Properties of orb weaving spider glycoprotein glue change during Argiope trifasciata web construction

An orb web’s prey capture thread relies on its glue droplets to retain insects until a spider can subdue them. Each droplet’s viscoelastic glycoprotein adhesive core extends to dissipate the forces of prey struggle as it transfers force to stiffer, support line flagelliform fibers. In large orb webs, switchback capture thread turns are placed at the bottom of the web before a continuous capture spiral progresses from the web’s periphery to its interior. To determine if the properties of capture thread droplets change during web spinning, we characterized droplet and glycoprotein volumes and material properties from the bottom, top, middle, and inner regions of webs. Both droplet and glycoprotein volume decreased during web construction, but there was a progressive increase in the glycoprotein’s Young’s modulus and toughness. Increases in the percentage of droplet aqueous material indicated that these increases in material properties are not due to reduced glycoprotein viscosity resulting from lower droplet hygroscopicity. Instead, they may result from changes in aqueous layer compounds that condition the glycoprotein. A 6-fold difference in glycoprotein toughness and a 70-fold difference in Young’s modulus across a web documents the phenotypic plasticity of this natural adhesive and its potential to inspire new materials.
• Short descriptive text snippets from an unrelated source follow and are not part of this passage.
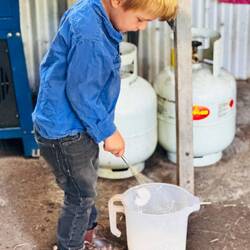 Minifarmer rührt Milchpulver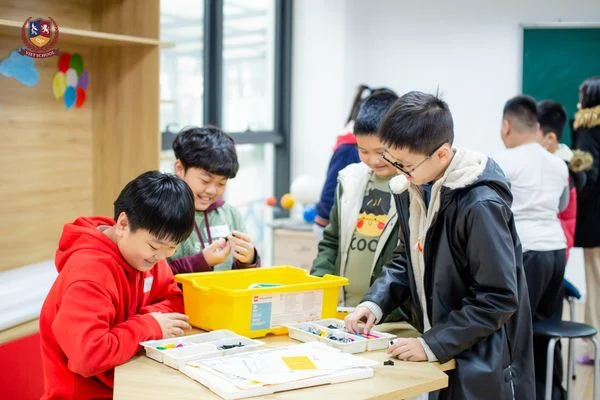 KHÁM PHÁ VIETSCHOOL, HỌC SINH TIỂU HỌC BRENDON ĐƯỢC TRẢI NGHIỆM NHỮNG GÌ?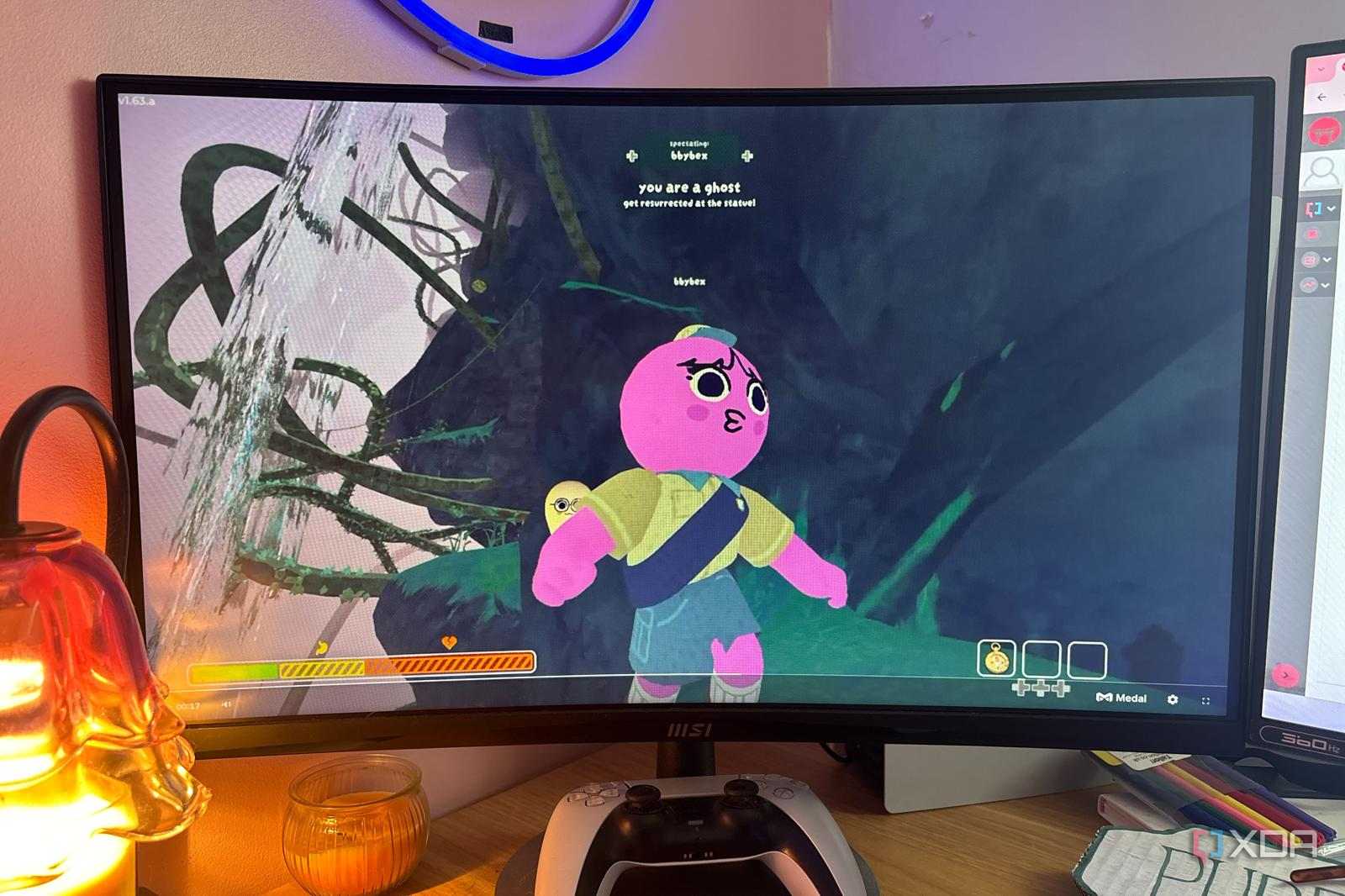 peak on monitor on desk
Towards Spider Glue: Long-read scaffolding for extreme length and repetitious silk family genes AgSp1 and AgSp2 with insights into functional adaptation

The aggregate gland glycoprotein glue coating the prey-capture threads of orb weaving and cobweb weaving spider webs is comprised of silk protein spidroins (spider fibroins) encoded by two members of the silk gene family. It functions to retain prey that make contact with the web, but differs from solid silk fibers as it is a viscoelastic, amorphic, wet adhesive that is responsive to environmental conditions. Most spidroins are extremely large, highly repetitive genes that are impossible to sequence using only short-read technology. We sequenced for the first time the complete genomic Aggregate Spidroin 1 (AgSp1) and Aggregate Spidroin 2 (AgSp2) glue genes of Argiope trifasciata by using error-prone long reads to scaffold for high accuracy short reads. The massive coding sequences are 42,270 bp (AgSp1) and 20,526 bp (AgSp2) in length, the largest silk genes currently described. The majority of the predicted amino acid sequence of AgSp1 consists of two similar but distinct motifs that are repeated ~40 times each, while AgSp2 contains ~48 repetitions of an AgSp1-similar motif, interspersed by regions high in glutamine. Comparisons of AgSp repetitive motifs from orb web and cobweb spiders show regions of strict conservation followed by striking diversification. Glues from these two spider families have evolved contrasting material properties in adhesion, extensibility, and elasticity, which we link to mechanisms established for related silk genes in the same family. Full-length aggregate spidroin sequences from diverse species with differing material characteristics will provide insights for designing tunable bio-inspired adhesives for a variety of unique purposes.